Friday, March 12, 2010

To new beginnings!


Spring is in the air. The sun is shining. I love this time of year. It is a time of new beginnings and new life. I find it very appropriate that I am facing this challenge at this time of year.




Every day brings new emotions about the month to come. I feel everything from excitement and anticipation to premature defeat and fear of failure. I know that my attitude going in to this will make or break my experience, so I remind myself to just go into it with a clear and open mind. I more often feel excitement, but I will not deny that there are times when I feel like I have bitten off more than I can chew. I am not just worried about the physical challenge, but also the commitment. My daily schedule will be changing dramatically, and every aspect of my life will be altered. I will still work 8-5, then study from 5-6 (it would be silly to fight traffic home at 5 only to turn around and fight traffic to get to class on the other side of town), then have class from 6:30-8. I will not get home until about 8:30, eat some form of dinner, shower, get in to bed, and do it all again the next day. I worry about little things… What will I have for dinner? After a workout like that, I surely will not want something heavy and filling. Protein shakes for dinner every night? And what about taking showers? I take showers in the morning- I have to. But now I will have to shower at night, and that throws off my whole routine.

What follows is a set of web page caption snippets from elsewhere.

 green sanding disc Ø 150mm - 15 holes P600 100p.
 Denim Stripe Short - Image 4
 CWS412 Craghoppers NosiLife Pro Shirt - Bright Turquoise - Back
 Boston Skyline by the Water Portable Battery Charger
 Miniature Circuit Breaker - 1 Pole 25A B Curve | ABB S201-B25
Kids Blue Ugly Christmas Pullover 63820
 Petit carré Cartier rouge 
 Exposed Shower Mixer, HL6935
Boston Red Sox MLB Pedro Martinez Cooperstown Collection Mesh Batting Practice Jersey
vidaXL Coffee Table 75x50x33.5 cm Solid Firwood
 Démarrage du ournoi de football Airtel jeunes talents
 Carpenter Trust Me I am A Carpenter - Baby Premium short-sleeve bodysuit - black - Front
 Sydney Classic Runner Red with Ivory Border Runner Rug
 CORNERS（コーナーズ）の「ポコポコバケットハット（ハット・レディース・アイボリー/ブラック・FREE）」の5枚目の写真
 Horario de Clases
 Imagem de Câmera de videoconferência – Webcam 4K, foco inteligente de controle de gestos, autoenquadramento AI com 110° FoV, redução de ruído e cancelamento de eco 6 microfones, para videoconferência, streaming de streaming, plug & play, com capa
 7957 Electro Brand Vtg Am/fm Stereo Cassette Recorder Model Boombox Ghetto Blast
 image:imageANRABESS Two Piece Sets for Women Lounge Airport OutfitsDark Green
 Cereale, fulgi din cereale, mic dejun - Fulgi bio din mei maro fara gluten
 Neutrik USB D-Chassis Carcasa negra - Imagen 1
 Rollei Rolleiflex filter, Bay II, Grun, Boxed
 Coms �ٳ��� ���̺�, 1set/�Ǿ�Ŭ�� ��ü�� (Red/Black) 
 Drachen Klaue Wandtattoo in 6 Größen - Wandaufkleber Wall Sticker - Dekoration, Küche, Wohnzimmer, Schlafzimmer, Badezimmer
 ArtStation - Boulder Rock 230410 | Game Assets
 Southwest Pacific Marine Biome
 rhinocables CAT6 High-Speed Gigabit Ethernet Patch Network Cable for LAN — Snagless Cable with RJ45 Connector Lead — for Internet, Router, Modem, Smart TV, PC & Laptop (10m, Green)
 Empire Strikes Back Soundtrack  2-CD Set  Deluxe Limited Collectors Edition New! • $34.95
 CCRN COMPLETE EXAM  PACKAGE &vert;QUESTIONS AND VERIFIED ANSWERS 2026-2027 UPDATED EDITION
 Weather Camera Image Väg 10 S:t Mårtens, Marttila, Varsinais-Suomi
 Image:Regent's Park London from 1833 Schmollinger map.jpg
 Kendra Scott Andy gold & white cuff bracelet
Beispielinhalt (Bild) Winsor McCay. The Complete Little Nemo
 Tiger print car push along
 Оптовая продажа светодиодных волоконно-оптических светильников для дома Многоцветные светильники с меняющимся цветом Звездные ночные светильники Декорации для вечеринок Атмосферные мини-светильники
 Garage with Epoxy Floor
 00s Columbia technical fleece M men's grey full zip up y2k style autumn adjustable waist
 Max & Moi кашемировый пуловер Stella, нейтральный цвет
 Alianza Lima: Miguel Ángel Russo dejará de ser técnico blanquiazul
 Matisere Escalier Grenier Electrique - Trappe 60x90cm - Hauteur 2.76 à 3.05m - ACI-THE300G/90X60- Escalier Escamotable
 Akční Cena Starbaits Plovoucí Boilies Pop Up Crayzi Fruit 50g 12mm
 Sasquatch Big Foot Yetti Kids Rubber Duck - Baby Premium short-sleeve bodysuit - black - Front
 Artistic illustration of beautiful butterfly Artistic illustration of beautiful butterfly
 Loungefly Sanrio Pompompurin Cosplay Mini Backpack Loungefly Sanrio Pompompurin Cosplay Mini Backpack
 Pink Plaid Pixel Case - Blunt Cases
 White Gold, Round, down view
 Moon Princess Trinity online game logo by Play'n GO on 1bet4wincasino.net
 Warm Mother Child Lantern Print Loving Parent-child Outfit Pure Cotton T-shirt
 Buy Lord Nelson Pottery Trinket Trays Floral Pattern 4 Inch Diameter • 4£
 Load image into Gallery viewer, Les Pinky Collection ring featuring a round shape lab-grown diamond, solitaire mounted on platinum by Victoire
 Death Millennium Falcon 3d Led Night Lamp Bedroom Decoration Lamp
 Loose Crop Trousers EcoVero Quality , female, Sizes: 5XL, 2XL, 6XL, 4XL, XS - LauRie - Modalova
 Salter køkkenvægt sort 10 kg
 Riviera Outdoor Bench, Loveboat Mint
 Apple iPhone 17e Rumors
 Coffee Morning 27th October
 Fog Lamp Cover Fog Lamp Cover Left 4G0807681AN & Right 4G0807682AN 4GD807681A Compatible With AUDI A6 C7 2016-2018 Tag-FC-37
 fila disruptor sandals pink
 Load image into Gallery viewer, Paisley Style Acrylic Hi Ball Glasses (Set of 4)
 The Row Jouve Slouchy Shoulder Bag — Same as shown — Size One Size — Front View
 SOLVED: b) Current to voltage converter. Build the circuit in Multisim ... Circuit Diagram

My hair hates showering at night. I wake up looking like I have a greasy afro. And what if I simply run out of things to do during that hour after work/ before class? I know there are a million and ten things I have to do and could easily fill that time with (studying for the GRE, working on PhD applications, etc.) but that will take a lot of dedication and initiative. I will get so much less time with Brandon, and though I know we will fit in quality time, it will be significantly less than what we are used to. (But this is good in a way- it will prepare me for if/when he gets into med school and I see him for 10 minutes the entire week.) When will I do chores? If you know me at all, you know I am completely OCD and must have dishes clean, laundry folded, and the coffee table clear of clutter. When will I do my chores? It is things like this that seem so little, but really have a huge impact on my ability to surrender myself fully to the challenge.

It is safe to say that this will be 100% my primary focus for 30 full days. There are going to be days when I am exhausted and would give anything to have a normal, sit-down dinner with Brandon after work. There will be days when I just want to throw in the towel and go home after work and relax. But I will need to keep myself focused and committed to this endeavor.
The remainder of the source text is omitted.